Yoiko are known otakus, even appearing on the variety show LINCOLN cosplaying as Char Aznable and Amuro Ray of the Gundam anime series and taking Downtown to Akihabara.

== Members ==
- Shinya Arino (有野 晋哉, Arino Shin'ya) plays the boke. Enjoys anime and video games. Best known for GameCenter CX.
- Masaru Hamaguchi (濱口 優, Hamaguchi Masaru) plays the tsukkomi. Enjoys online games.

The duo (kombi) was originally formed under the pretense of Shinya Arino as the boke (stooge) and Masaru Hamaguchi as the tsukkomi (straightman), but as time went on and Hamaguchi's "natural stupidness" started to shine through, the duo became known as "the duo with no real distinction between the boke and the tsukkomi".

== History ==
Though Arino and Hamaguchi attended different schools in their junior high years, they met and became friends through the same juku. They then went to the same senior high school, and upon graduation, Arino became a cook at a hotel. He decided to join Hamaguchi to form a comedy duo when Hamaguchi told him, "If you enter the entertainment world, you'll have a chance at marrying Noriko Sakai." They went with Shōchiku instead of the more famed Yoshimoto because they believed the competition in Yoshimoto was too great and thought they had a better chance at success in Shōchiku.

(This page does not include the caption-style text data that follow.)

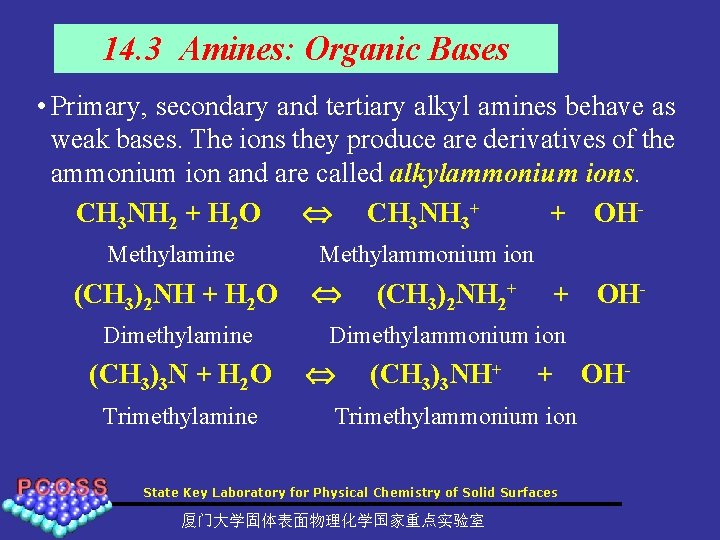 14. 3 Amines: Organic Bases • Primary, secondary and tertiary alkyl amines behave as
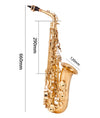 Eb Alto Saxophone Brass Lacquered Gold E-Flat Sax with Case & Accessories
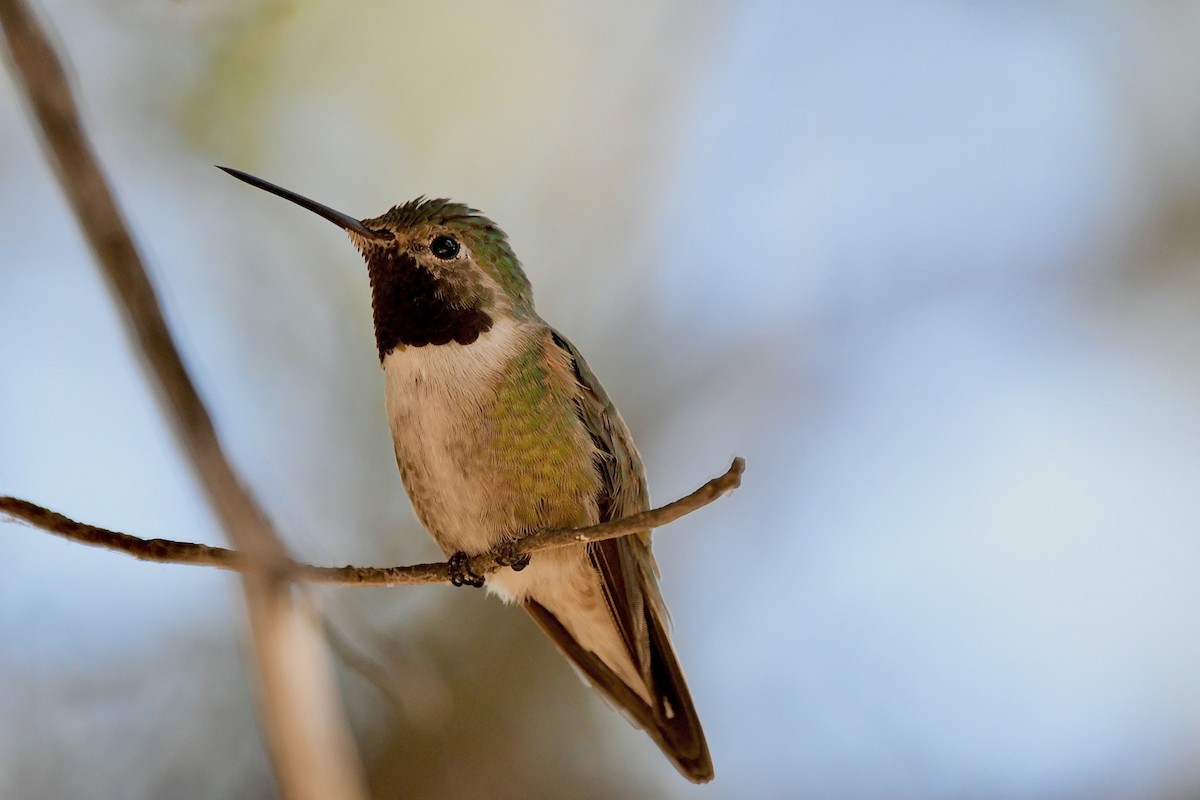 Broad-tailed Hummingbird - ML620390470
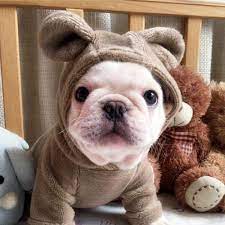 Warm Fluffy Pajamas For Frenchies English Bulldog Puppies Bulldog Puppies French Bulldog Clothes
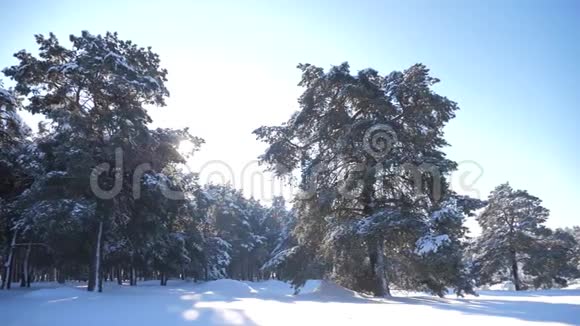 冰雪覆盖的冬季森林慢动作录像冬天的松林在白雪的阳光下运动视频的预览图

Their combo name at first was Arino & Hamaguchi, then Namekuji, before settling with Yowiko. The name of the duo incorporates the hiragana "wi" character (ゐ) which has long been phased out of everyday use. While the character historically had a different pronunciation from the common "i" character (い), in modern use and for the many years leading up until it was phased out it was generally accepted that they were pronounced the same. Hence, while a kana transliteration of the combi name would be "Yowiko", a phonetic transliteration would be written "Yoiko". This has been reflected on the official webpage of this owarai.